Alternatively, one might say these properties are built out of distinct component parts, for example "being sided" + "being 3 of ___", as opposed to "being angled" + "being 3 of ___".
For an entirely different nominalist approach, one might appeal to tropes: unrepeatable attributes. This approach fits nicely with our perceptions - we can see the redness of a particular object, existing in space and time right there with it. We might also see an exactly resembling redness on another object, but it is nevertheless numerically distinct - just like two jerseys off a factory line might be made of exactly resembling material, yet of course the particular threads composing each are numerically distinct.
A possible objection to tropes is again a problem with sets. Trope theory takes abstract reference to point to sets of tropes (not objects). Though this avoids the previously discussed set problems, there is still the matter of unexemplified tropes, all of which point to the same set: the empty set. The simplest response is just to join the Aristotelian in denying that unexemplified properties exist. Alternatively, one could plot a parallel course to that discussed above, where we extend our sets to cover all possible worlds (or even impossible ones, if we wish to distinguish between impossible tropes).
Another popular form of nominalism is metalinguistic, translating talk about universals into talk about language. Two immediate problems with this are achieving universality across languages (i.e. making properties multi-lingual), and dealing with only tokens of words, not types (which would be a form of universal).
Both objections are met by Sellars' dot notation. Just as quotes around a word refer to that word in English, so dot-quotes refer to that word and all its functional equivalents, in any language. As for the type/token problem, Sellars suggests his dot-quoted words function as common nouns - singular distributive terms that refer to multiple tokens simulaneously.
So just like "the lion is tawny" refers to many particular lions (according to his analysis of singular distributive terms), so "the *courageous* is a virtue predicate" refers to many particular tokens of "courageous" (and its functional equivalents in other languages).
It is worth noting that Sellars' "functional rules" or "linguistic roles" sound suspiciously like universals - though Sellars insists that they need not be understood as such.
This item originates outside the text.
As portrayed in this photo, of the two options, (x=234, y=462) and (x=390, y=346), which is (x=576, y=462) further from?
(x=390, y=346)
Another possible objection is that it just seems counterintuitive that our talk about abstract concepts is merely talk about words.
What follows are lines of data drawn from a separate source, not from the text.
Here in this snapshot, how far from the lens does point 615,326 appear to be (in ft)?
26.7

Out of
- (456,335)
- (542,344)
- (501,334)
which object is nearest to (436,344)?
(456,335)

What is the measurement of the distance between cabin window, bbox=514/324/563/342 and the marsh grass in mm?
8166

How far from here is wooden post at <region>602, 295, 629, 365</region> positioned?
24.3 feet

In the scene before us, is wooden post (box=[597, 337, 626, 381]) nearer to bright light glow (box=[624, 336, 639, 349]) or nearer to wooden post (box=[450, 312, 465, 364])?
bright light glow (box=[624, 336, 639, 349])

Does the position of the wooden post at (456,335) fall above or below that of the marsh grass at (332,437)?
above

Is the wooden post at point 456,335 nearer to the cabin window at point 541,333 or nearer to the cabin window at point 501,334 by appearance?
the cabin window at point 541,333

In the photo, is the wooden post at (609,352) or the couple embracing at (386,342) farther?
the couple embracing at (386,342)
This raises the interesting possibility of a concept-based nominalism (which I understand was more popular with medieval philosophers than modern ones). A realist's universals are mind- and language-independent. Concepts are in many ways similar, except that they are entirely mind-dependent: they exist only in people's minds, not out there in the external world. This strikes me as an intriguing and intuitive possibility, though there are probably difficulties inherent in the notion of a concept. Concepts may, for example, share a similar type/token problem to that the meta-linguistic nominalist faces with words.
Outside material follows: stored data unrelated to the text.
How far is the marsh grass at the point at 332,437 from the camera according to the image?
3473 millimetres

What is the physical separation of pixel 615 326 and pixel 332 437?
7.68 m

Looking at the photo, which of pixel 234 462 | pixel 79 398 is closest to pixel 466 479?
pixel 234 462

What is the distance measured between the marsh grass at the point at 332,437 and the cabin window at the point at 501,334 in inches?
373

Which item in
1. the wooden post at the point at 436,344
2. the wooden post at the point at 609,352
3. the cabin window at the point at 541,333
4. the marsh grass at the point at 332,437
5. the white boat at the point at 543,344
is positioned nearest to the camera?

Of all the alternatives on offer here, trope theory would seem to be the least problematic. Realists are stuck with a bloated and implausible "two-worlds" ontology, and have difficulty explaining away the paradox of self-exemplification. Austere nominalists have the opposite problems: though ontologically simple, they must appeal to much theoretical complexity to justify their various translations. Metalinguistic nominalism has difficulty escaping universal notions, and the same may be true of concept-based nominalism. Possible-worlds nominalism has a lot of potential, but the expansion to impossible worlds (which may be required on technical grounds) might strike many philosophers as overly implausible. I think it is an interesting (im)possibility, though!